▶ _Records shown_
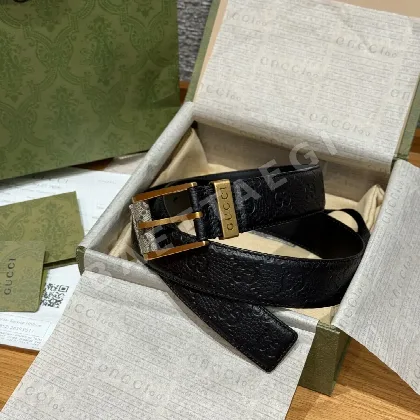 구찌 스퀘어 버클 GG 엠보 소가죽 벨트 174861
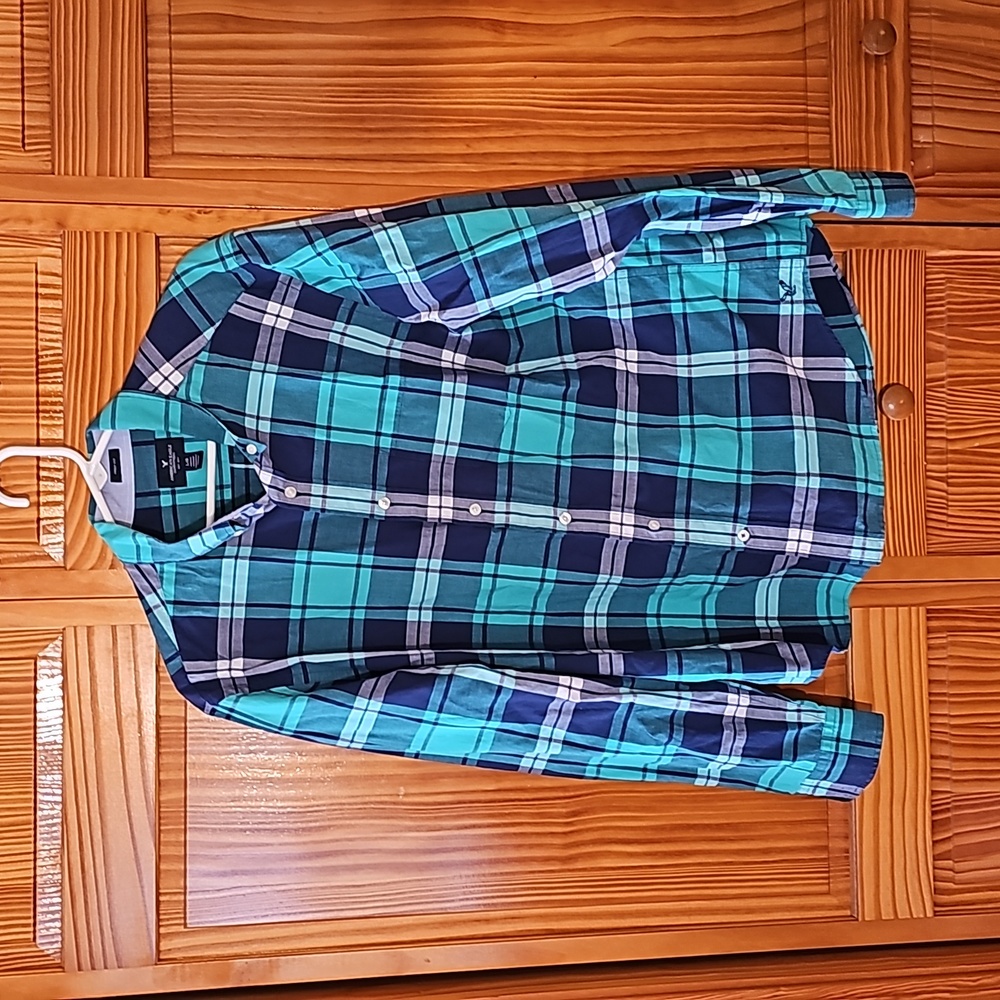 American Eagle Button Up Long Sleeve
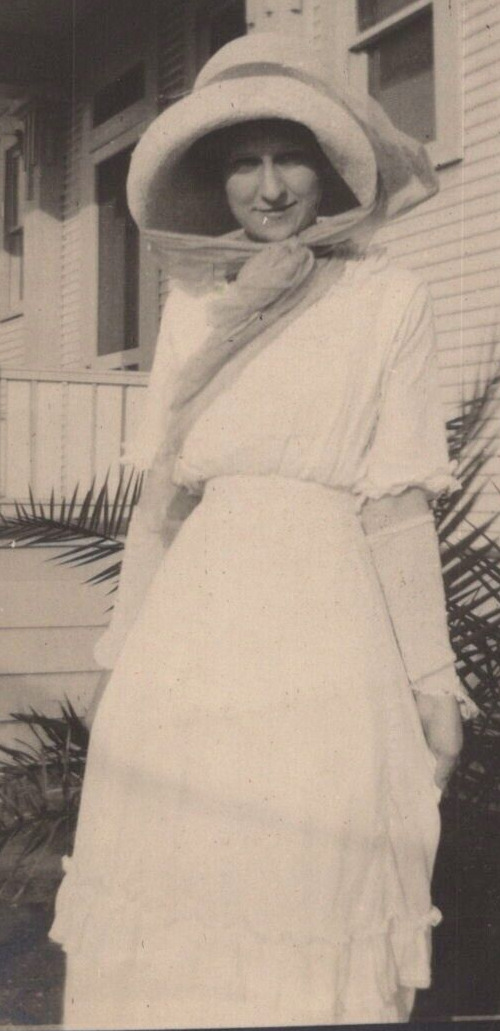 4G Photograph 1910-20s Lovely Woman Pretty Lady White Dress Fashion Cottage Core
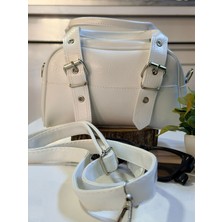 Furmelia Paris Kadın Beyaz Gümüş Tokalı Omuz Çantası - Günlük Şık Baget Model: Saf Zarafetin ve Modern Şıklığın Yeni Simgesi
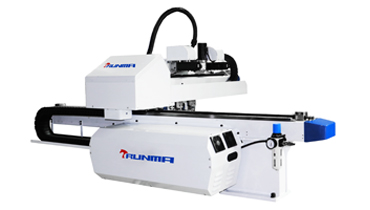 五軸注塑機(jī)機(jī)械手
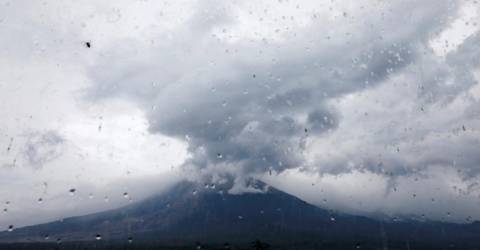 Cuaca buruk menghambat upaya pencarian dan penyelamatan di gunung berapi Indonesia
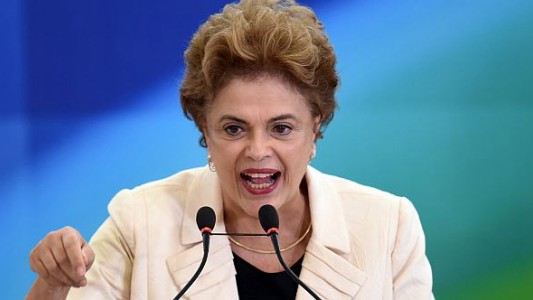 Brasil: Corte rechazó cautelar del gobierno y Diputados votará impeachment a Dilma el domingo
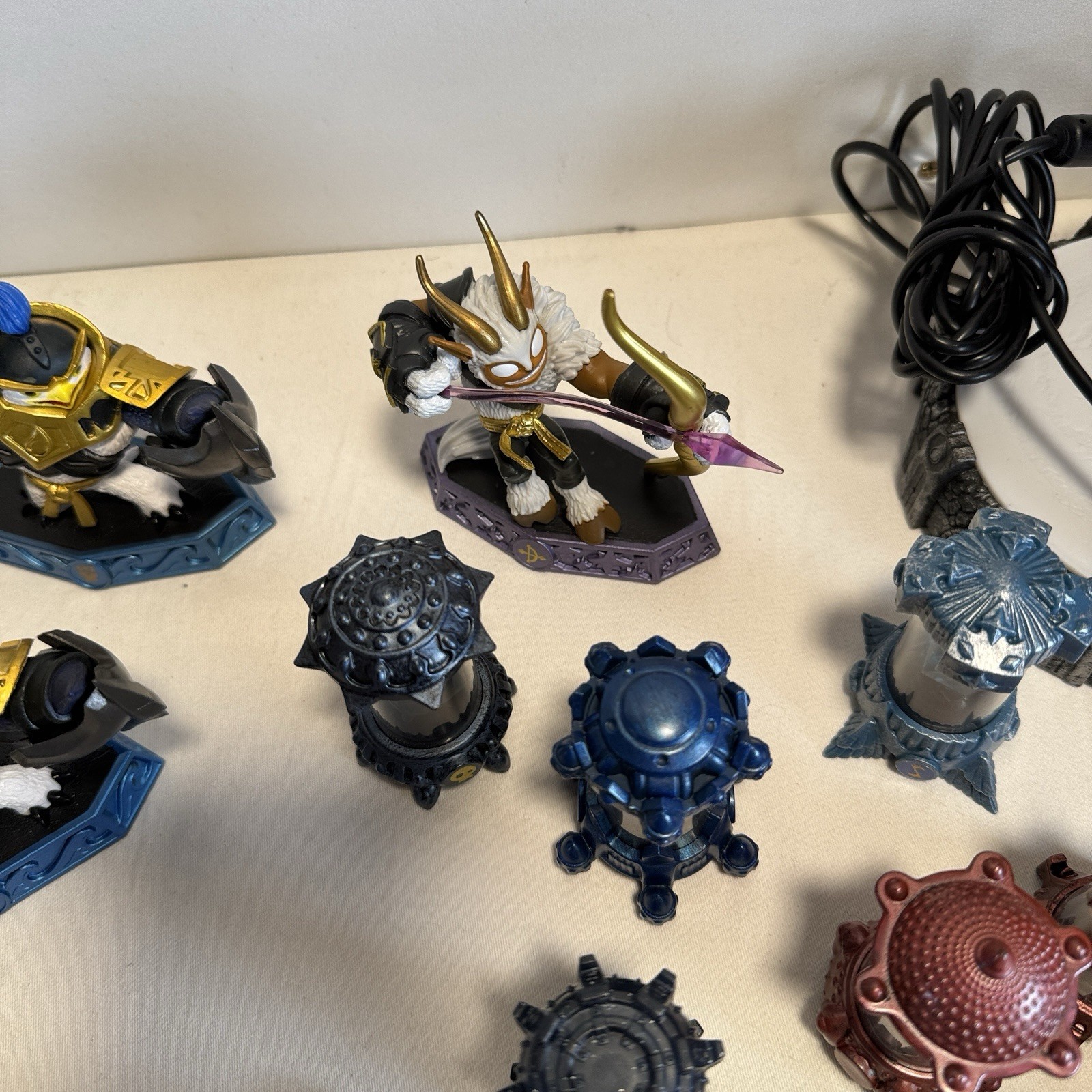 Activision Skylanders Character Figures 90 With Portal Crystals And Keys!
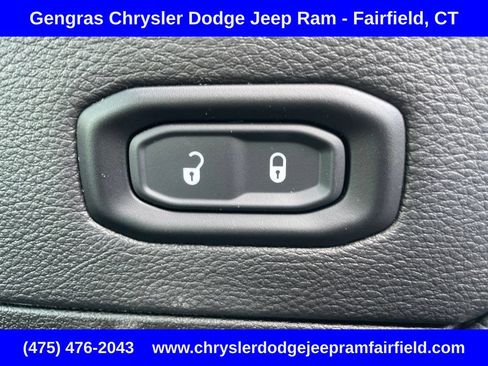 Used 2022 Jeep Gladiator Rubicon w/ LED Lighting Group AWD/4WD image 18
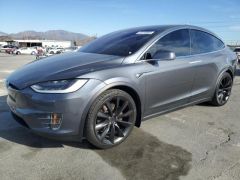 Сүрөт унаа Tesla Model X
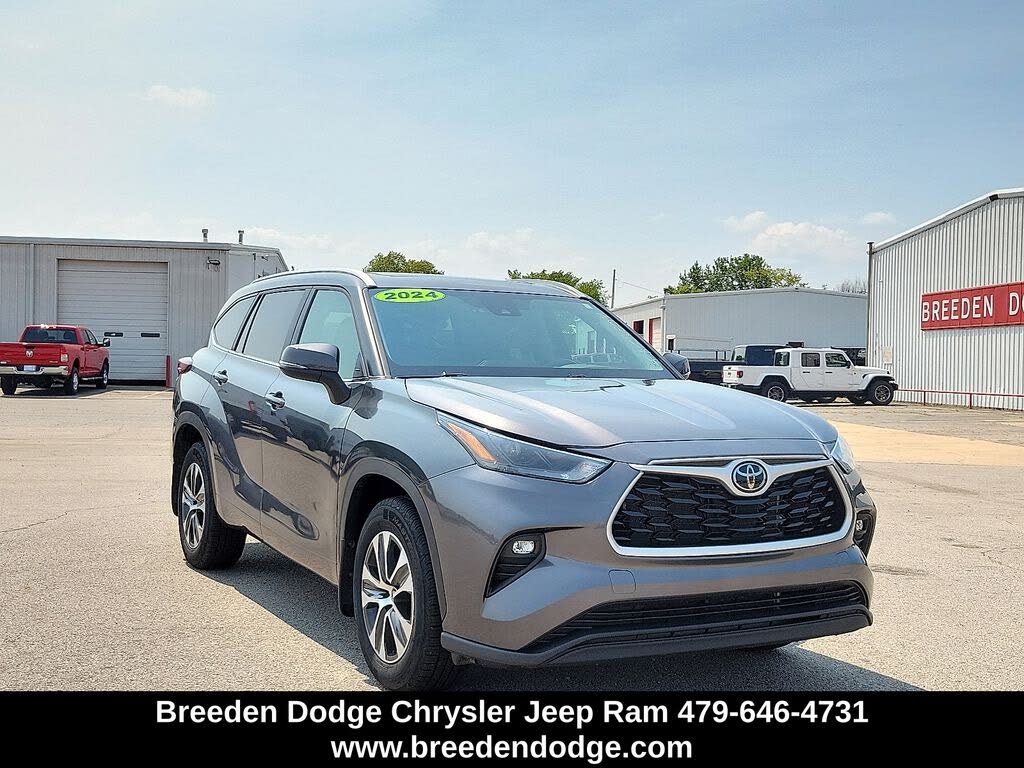 2024 Toyota Highlander XLE AWD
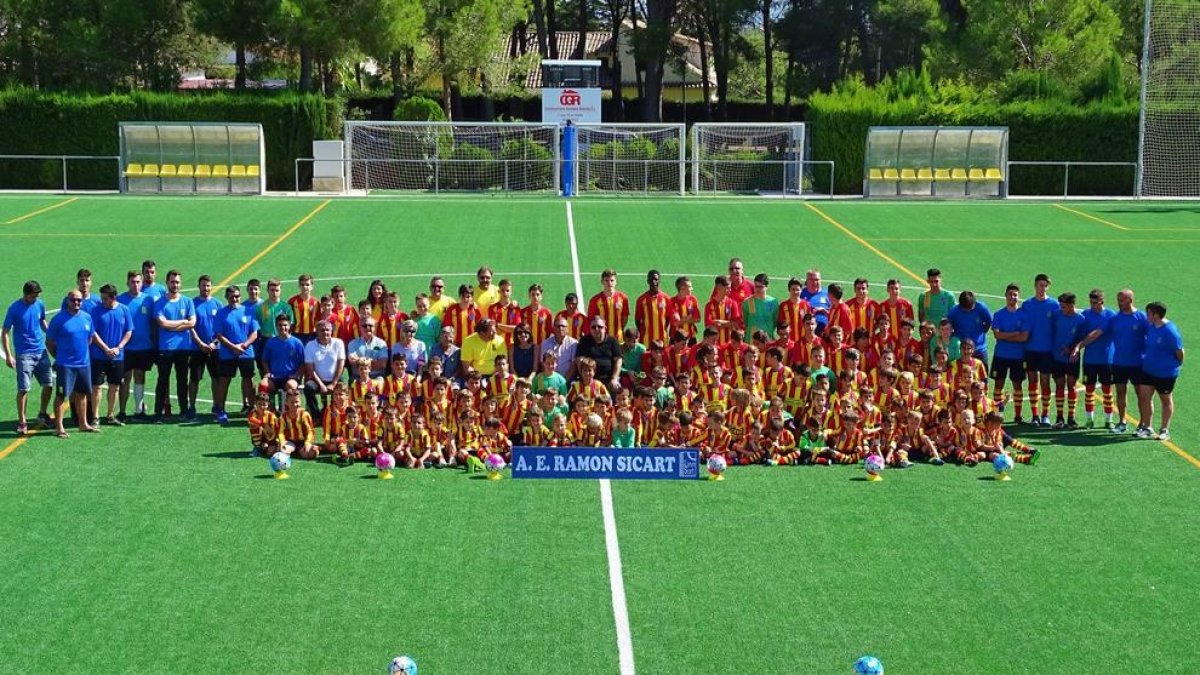 Foto de família dels equips de l'A.E Ramon Sicart per la temporada 2018-2019.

▶ _What you are asked to do_
Reproduce word for word the lines running from the line with "Used 2022 Jeep" through the end of the data, both included, and nothing else; leave out the pictures.

▶ _Answer_
 Used 2022 Jeep Gladiator Rubicon w/ LED Lighting Group AWD/4WD image 18
 Сүрөт унаа Tesla Model X
 2024 Toyota Highlander XLE AWD
 Foto de família dels equips de l'A.E Ramon Sicart per la temporada 2018-2019.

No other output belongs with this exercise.